La politesse. C'était le mot d'ordre de Julien qui ne lui laissait rien passer. Avec lui aucun écart de conduite n'était toléré. Ciel par son éducation et son rang avait eu du mal à le comprendre. Encore maintenant Julien devait le reprendre. S'il oubliait les formules de politesse quelques fois, Julien le reprenait gentiment. Si cela devenait fréquent et que le jeune y mettait trop de mauvaise volonté, Julien le sanctionnait de quelques coups de baguette sur les fesses et dans le dos. Si Ciel élevait la voix sur lui, la sanction s'aggravait aussitôt : Ciel était envoyé dans sa chambre sans manger et il n'hésitait pas à sortir le martinet. Autant dire qu'au début de leur rencontre les fesses du comte étaient aussi rouges que son estomac criait famine.

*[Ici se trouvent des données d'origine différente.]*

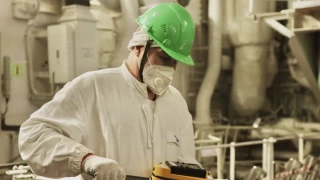 Dünyanın tek yüzer nükleer güç santraline ilk yakıt ikmali başladı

- Bien mais la leçon n'est pas finie.
- J'ai mal au poignet à force de copier, se plaignit-il. Et ça fait quatre looongues heures que nous travaillons.
Julien jaugea un instant la moue attristée de son élève avec une pointe d'amusement dans le regard. Ciel était un garçon évasif en cours et il avait beaucoup de mal à le cadrer. Il s'ennuyait, c'était indéniable, rejetant l'apprentissage des bonnes manières d'un serviteur, lui le comte Phantomhive.
Le tuteur finit par céder. Le jeune progressait et il voulait l'encourager sur cette voie.
« L'endurance sera le prochain point à aborder. »
- D'accord prends ta veste nous allons descendre au jardin.
Un tailleur était venu dans la semaine, appelé par le maître. C'était un grand homme blond, très svelte et qui n'avait pas placé une parole de tout le rendez-vous. Il avait pris les mesures du jeune comte et le jour suivant, Julien rapportait de somptueuses tenues. Sébastian avait dû lui-même les choisir au vue de l'indécence de certaines que Ciel n'avait pas tardé à cacher dans le fond de son armoire, rouge de honte. Pour le reste, il avait reçu des vestes, des shorts (plus ou moins long et plus ou moins moulant donc ^^) comme il en portait sur Terre, bleu marine, noir et pourpre. Le fin ruban qu'il passait autour de son col était à la couleur de son maître : carmin. Ciel était gâté et il avait bien vu la jalousie naître dans le regard du roux. Il n'était pas fautif, il ne lui avait rien demandé ! (Pas que les habits trop grands de Julien lui manquent non plus mais bon ^^).
Ciel se saisit de sa veste bleu marine aux manches en cascade de dentelles brodées de noir qu'il enfila prestement. Une fois passée la porte du bureau il fallut que Julien accélère le rythme pour suivre son cadet. Ce n'était pourtant pas de longues jambes qui lui faisaient défaut.
- Si tu retenais les cours que je te donne aussi bien que le chemin jusqu'au jardin, je serais comblé, ironisa l'aîné qui remarqua le sens de l'orientation impeccable de Ciel dans ce labyrinthe de couloirs sombres.
- Tu ne me donnes aucun intérêt à les apprendre. Tout est une question de commerce et de bien vendre ce que l'on a à offrir, rétorqua Ciel en ralentissant pour revenir à sa hauteur.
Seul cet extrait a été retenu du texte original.